Rediscovering lost classics Film Forum to present movies produced when adventurer and filmmaker were one

September 26, 1991|By Linell Smith | Linell Smith,Evening Sun Staff

CHANG" leads you deeper and deeper into the jungles of Thailand like an old-fashioned storyteller with plenty of time to build suspense. No flashbacks or foreshadowing, no quick cuts or split screens mar this smoothly flowing tale of a Siamese frontiersman who sets out with his family to forge an independent and dangerous existence with the wild.

Filmed in 1927, the silent film classic is as exciting as it was when New York audiences first saw its elephants stampede through its village. With a cast of 500 native hunters, 400 elephants, tigers, leopards and pythons, "Chang" was one of the first film triumphs of the legendary Merian C. Cooper and Ernest B. Schoedsack, a pair better known now for a later movie, "King Kong."

Until recently "Chang" was considered "lost." Although there were prints of the film at the Library of Congress and Museum of Modern Art, no one knew who held the legal rights. Restoration experts David Pierce and Dennis Doros, founders of Milestone Film & Video Inc., in New York, eventually located the film's owner -- Cornelius Vanderbilt Whitney -- and received his permission to distribute it. Then Milestone commissioned composer Bruce Gaston to write a soundtrack of Thai music, performed on traditional instruments by the Thai music ensemble Fong Naam.

The Baltimore Film Forum will present the newly restored 35mm print of "Chang" at 8 tonight at the Baltimore Museum of Art. A free champagne reception will follow. The Film Forum will screen "Tabu," a tragic Polynesian love story which is another "lost" classic restored by Milestone, at 8 p.m. tomorrow. The 1931 silent film was made by F.W. Murnau, director of "Nosferatu," and Robert Flaherty, director of "Nanook of the North."
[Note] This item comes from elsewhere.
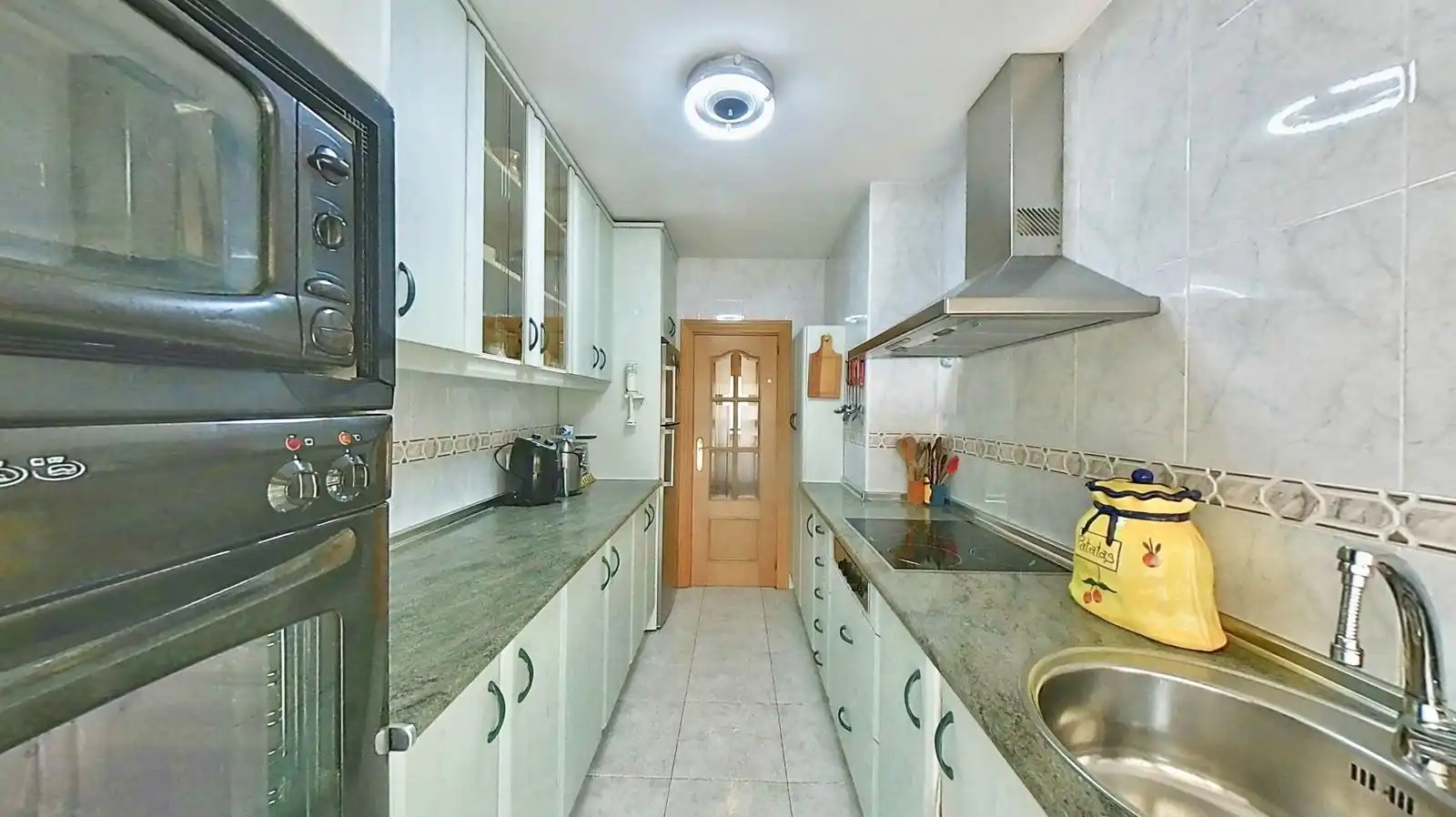 Cocina de Apartamento en venta en Madrid con Calefacción y Trastero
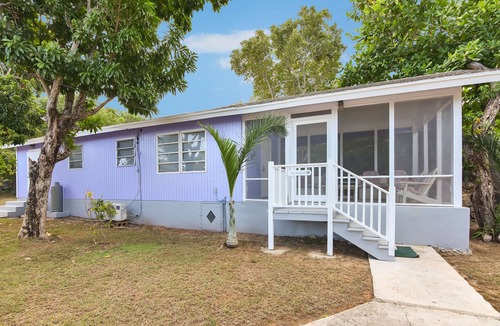 George Town Cottage | Plumbago - Paradise in the Bahamas with Ocean views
Doros and his partner and wife, film historian Amy Heller, will speak about the films and the fascinating lives of the men who made them at each presentation. Tickets for each screening are $5 for general admission and $4 for BFF/BMA members. Details: 889-1993.

"Chang" and "Tabu" are part of Milestone's newly released "The Age of Exploration," a series of eight "classic" films made by men and women who risked their lives filming foreign cultures.

They spoke to the romantic view Americans had of exotic lands, to their desire to experience those heroic struggles against nature which had largely faded from their own lives.

"The filmmakers had an ideal of preserving a way of life that was vanishing even as they filmed it," Amy Heller says. "They sought out places that were still untouched by Western culture, but even then things were changing rapidly everywhere they went.

"In addition to being really beautiful, these films have a wonderful way of conveying history. 'Chang' brings you back to the late '20s, to a time that was not just flappers, pole-sitting and bathtub gin, but a time when people were doing all kinds of exciting things."

Much of the thrill of "Chang" comes from the sheer daring of filmmakers who strove to generate seat-gripping excitement without special effects or telephoto lenses. Cooper and Schoedsack were the kind of fellows who actually captured the wild animals they filmed.

Among many anecdotes from the film: Cameraman Ernest Schoedsack was semi-delirious from malarial fever when he filmed the man-eating tiger who almost leapt high enough in the tree to seize him. Director Merian Cooper was fed a chicken stew laced with tiny bamboo barbs after he insulted a local chieftan; a missionary doctor managed to save his life. After surviving malaria, Schoedsack almost died when stampeding elephants ran over his camera bunker. Seven of the villagers died from an outbreak of cholera.

It was a film that lived up to the motto of Cooper-Schoedsack Productions: "The Three Ds: Keep it Distant, Difficult and Dangerous."

"Chang" was a box office success, influencing such later films as Tarzan the Apeman." "King Kong" includes many references to "Chang" and the experience may have prompted Cooper's decision to model the filmmaker/explorer of "Kong" after himself.

He stands out as quite an Indiana Jones, according to Heller's research. Kicked out of the Naval Academy, Cooper worked first as a Merchant Marine and journalist. A fighter pilot during the last days of World War I, he helped found the Koscuiko division of the Polish air force. He fought with the Poles against the Red Army, was shot down and sent to a Siberian prison camp. He escaped and traveled almost a month on foot to Latvia where he was jailed as a suspected Communist. Eventually he was rescued by a U.S. relief mission.

He first worked with Schoedsack on Capt. Edward Salisbury's 1922 expedition around the world. Their first film, "Grass," was about migration of the Bakhtiari tribe of Persia.

"These filmmakers were Renaissance men at a time when there were Renaissance men," says Doros. "There were many amazing explorers then. They weren't interested in money -- Murnau and Flaherty spent all their money making "Tabu" -- they wanted to go out and explore.